I have many theories, most of which would morph this blog post into something either hardcore-rant-like (if it isn't already) or 25,000 words long, so I'll leave most of that for later posts. But my main idea is the lack of empathy and connection we have with our fellow peoples these days. This is obviously not a new idea. We hear it every day.  What's the cause? Facebook and social networking? Cell phones? The internet? Our culture of individualism ("Enough about me, what do YOU think about me?")? I'm sure it's all of these things plus eleventy-billion more. Aside of my parking lot example, I see this issue play out every.single.day in almost every setting. We don't see each other as the valuable, feeling, fragile beings that we ALL are. Tragic, really.
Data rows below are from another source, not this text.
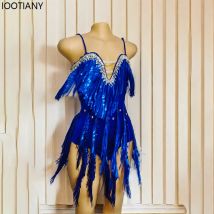 High-End-Anpassung Frauen sexy blau Latin Tanz kleid V-Ausschnitt Quaste Latin Jazz Tanz Performance Set Bar Gogo Sänger verkleiden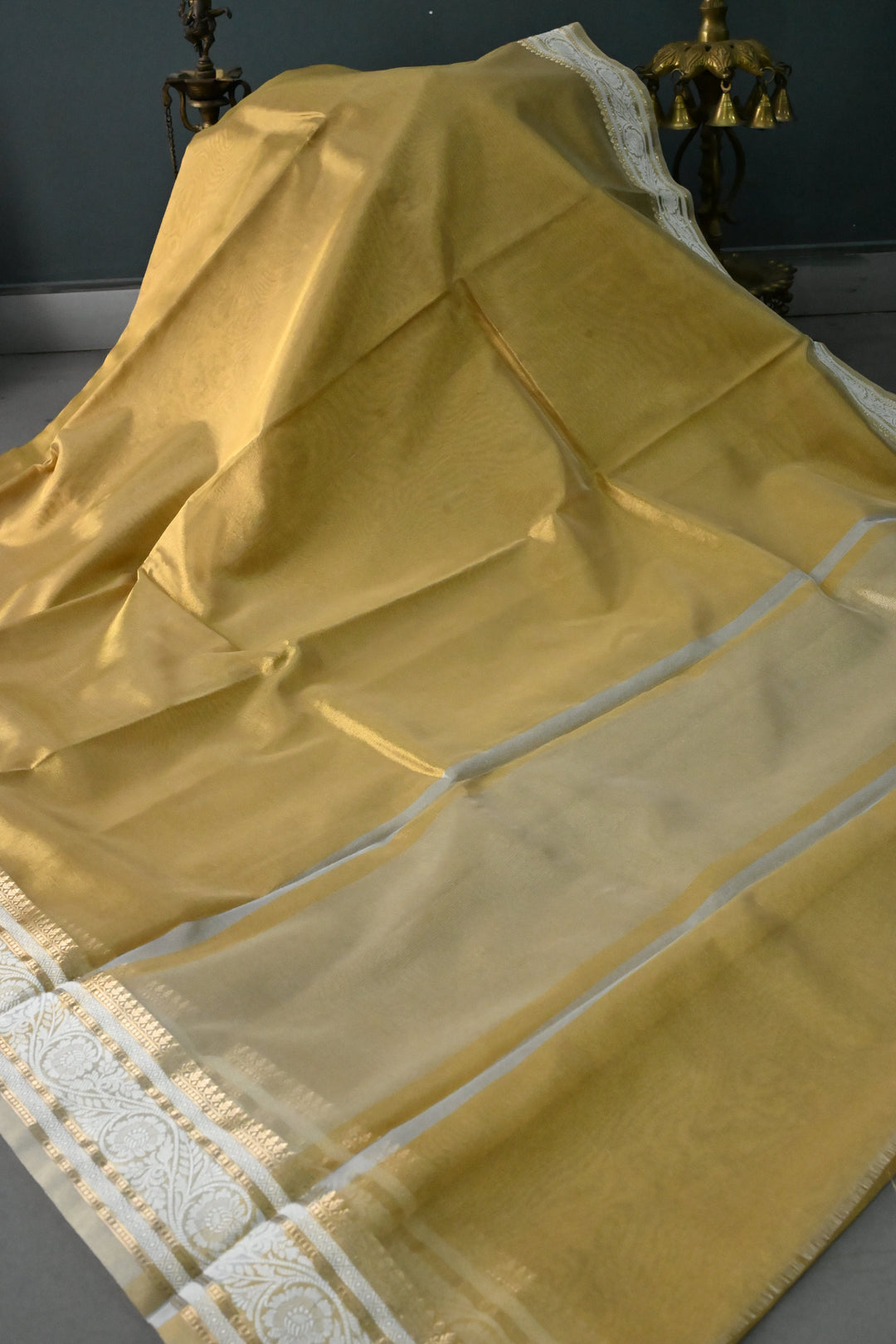 Tan Gold Tissue Art Silk Saree with Contrast Thread Border | SHOBITAM
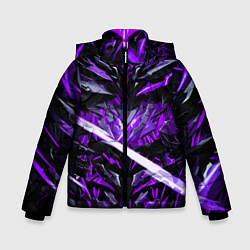 Зимняя куртка для мальчика Фиолетовый камень на чёрном фоне
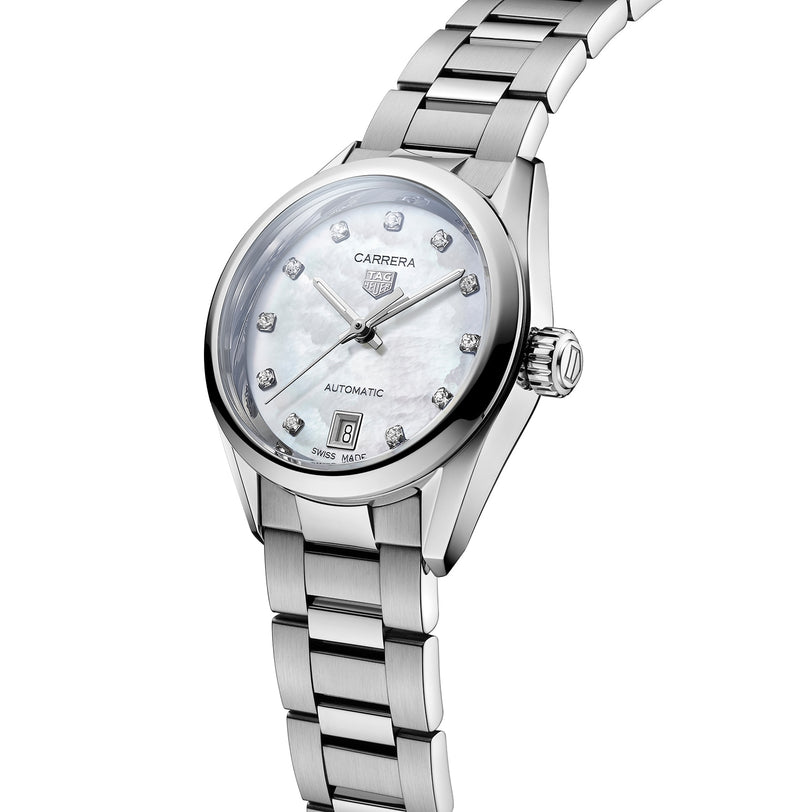 The TAG Heuer Carrera Date features a metal band, diamond hour markers, a date window at 6 o’clock, and a lustrous white mother-of-pearl dial.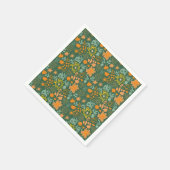 Floral pattern on a dark green background  スタンダードカクテルナプキン (角)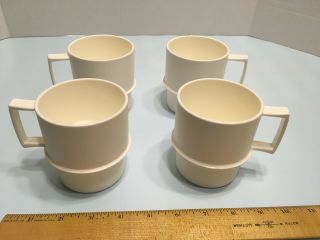 Vintage Tupperware Stackable Coffee Cup Mugs,  White,  Set Of 4.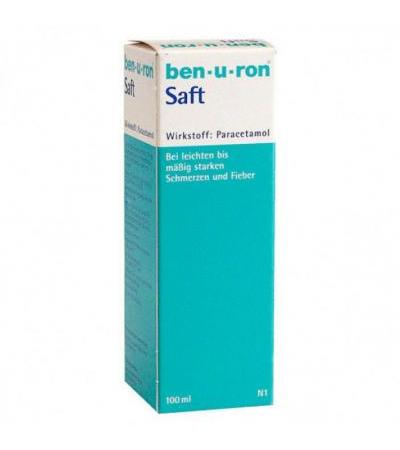 Парацетамол в суспензии от боли и лихорадки для младенцев BEN-U-RON Saft 100 мл BEN-U-RON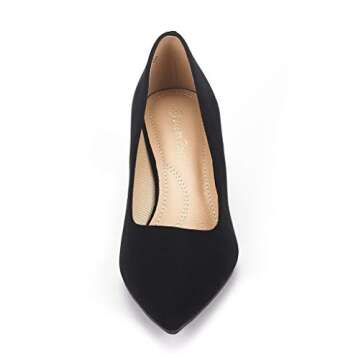 DREAM PAIRS Women's Moda Black Suede Low Heel D'Orsay Pointed Toe Pump Shoes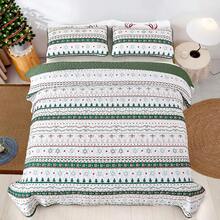 Floral Plaid Patchwork Quilt Set King Size, Reversible Brown Bedding Set Soft Microfiber Lightweight Bedspread Coverlet 3 Piece All - Season Use (104x90 Inches) - 聖誕樹 - 查看 3
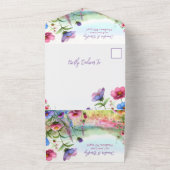 Whimige waterverf vlinders en bloemige bruiloft all in one uitnodiging (Buitenkant)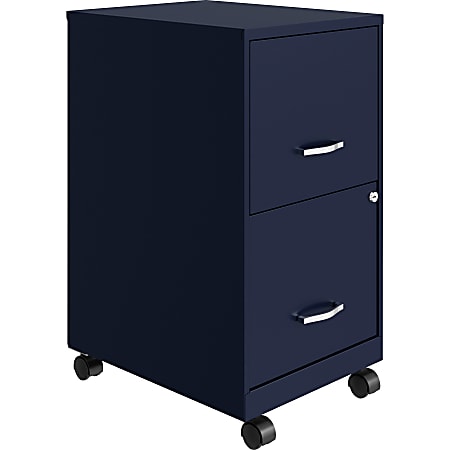 LYS NuSparc 2 Drawer Mobile File Cabinet, Navy, 1 Each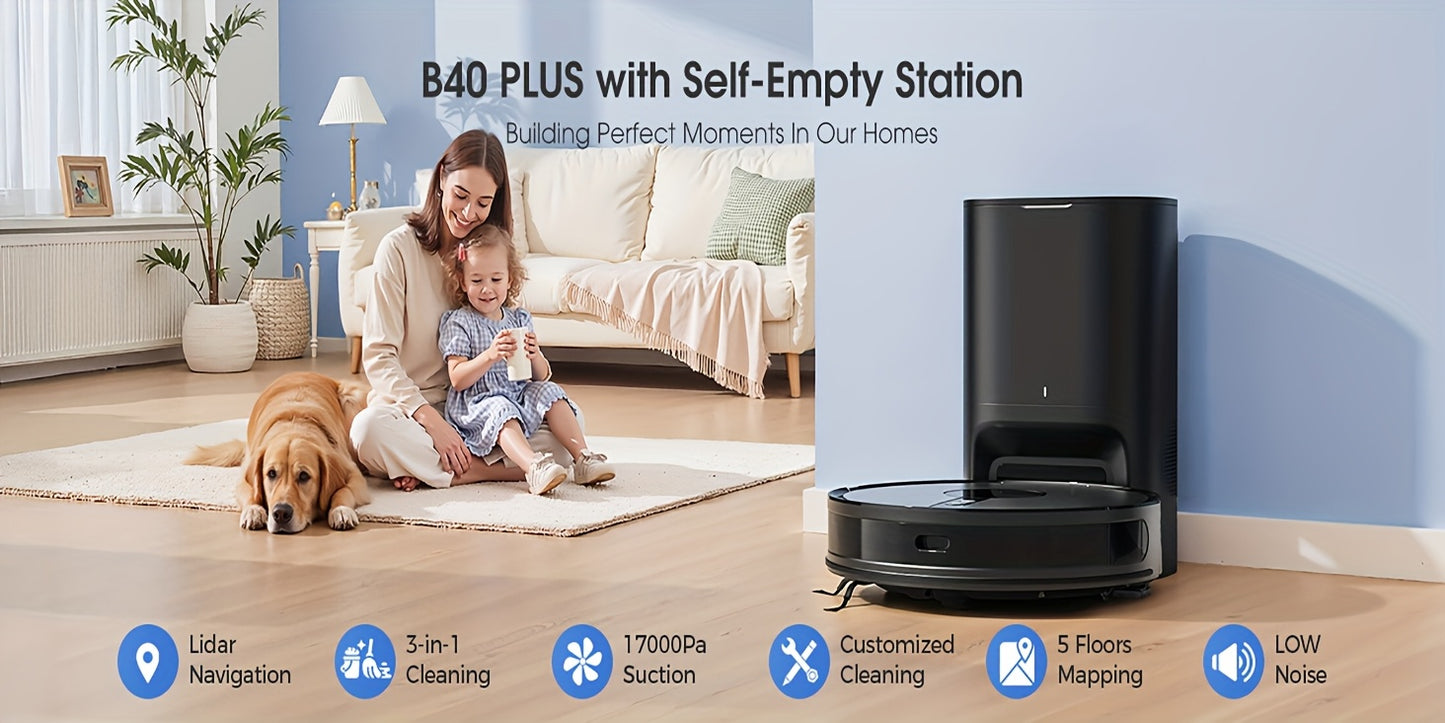 Lubluelu 2025 Ultimo Robot Aspirapolvere e Lavapavimenti B40Plus/Sl60D - Forte Aspirazione 5100Pa, Autovuoto, Mappatura Multi-Piano, Soluzione di Pulizia 3-in-1 per Peli di Animali Domestici, Tappeti e Pavimenti Duri con Funzione di Auto-Ricarica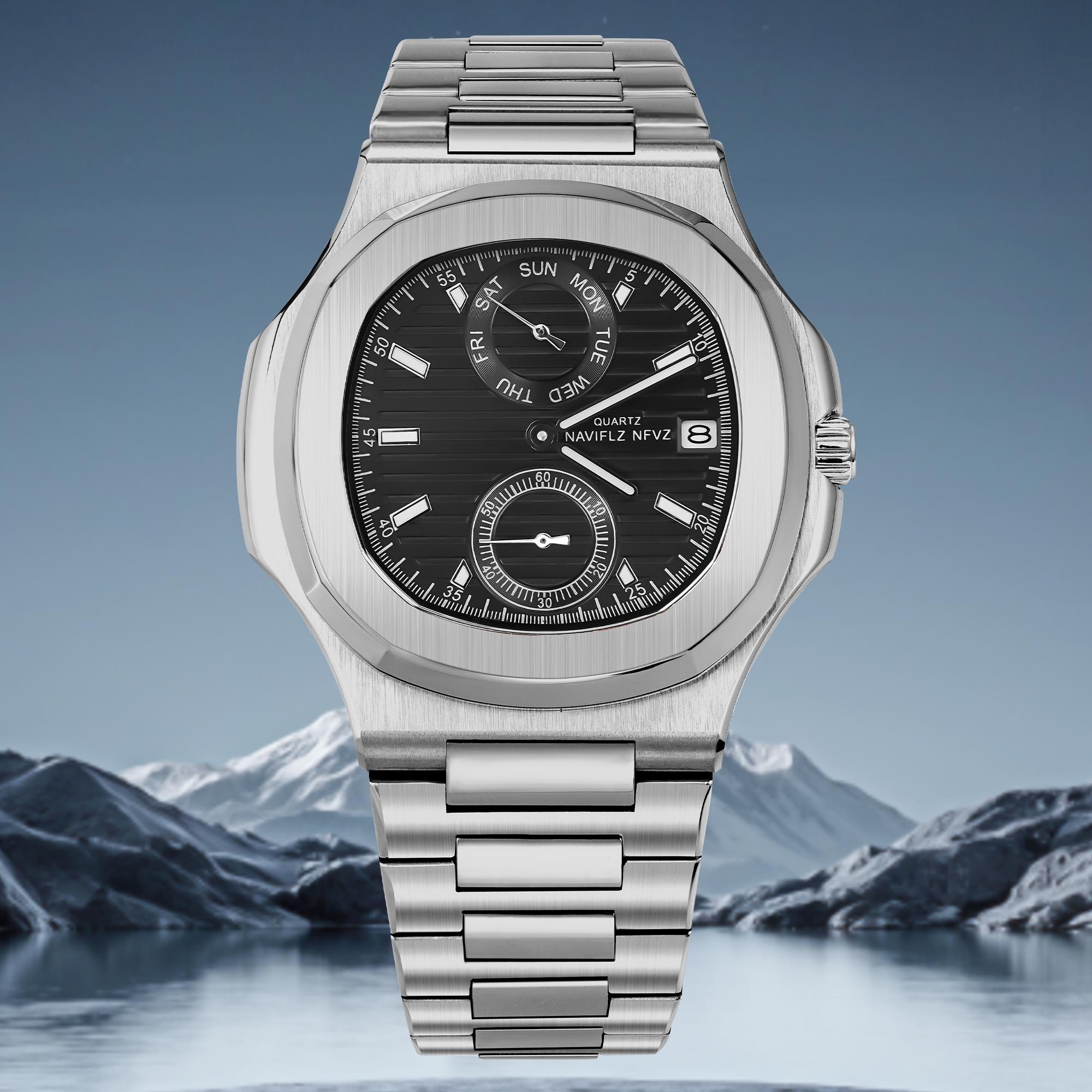 NAVIFLZ NFVZ  Luxury Men Wristwatch Business Waterproof Luminous Date Man Watch Stainless Steel Men's Quartz Watches Relogio Masculino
^Nice way to encourage kindness.

I realize that, these days especially, it's apparently cool and hip to be rude, cynical, and uncaring. Since I gave up on trying to be either of these things a long time ago, I try to make it a point every day to empathize with others. While I'm far from perfect, I at least make an effort. If someone is rude at the bank, I try to imagine what might be making them so unhappy as to treat others this way. Or if an elderly person is toddling too slowly through the store, I try to think of how difficult it must make life to have such limited mobility. In many situations, people don't make it easy to empathize, but that just makes it that much more valuable. When someone is rude and, instead of being rude back, you smile at them and ask how their day is going, I bet this will spark a little something positive in this person. 

This is an issue that Ace and I discuss frequently, as we both notice what a problem it seems to be both in our society and many personal relationships (including ours sometimes). Thus, we've made it a priority to teach this habit of being empathetic to The Mayor because, as with so many other behaviors, I believe the parents play the most important role in children understanding how (and why) to empathize with others. I think it will drastically affect the person he becomes in a way that I'm sure I will be proud of one day. 

Oops. I guess I didn't empathize enough with my readers to stop writing 500 words ago. Sorry. 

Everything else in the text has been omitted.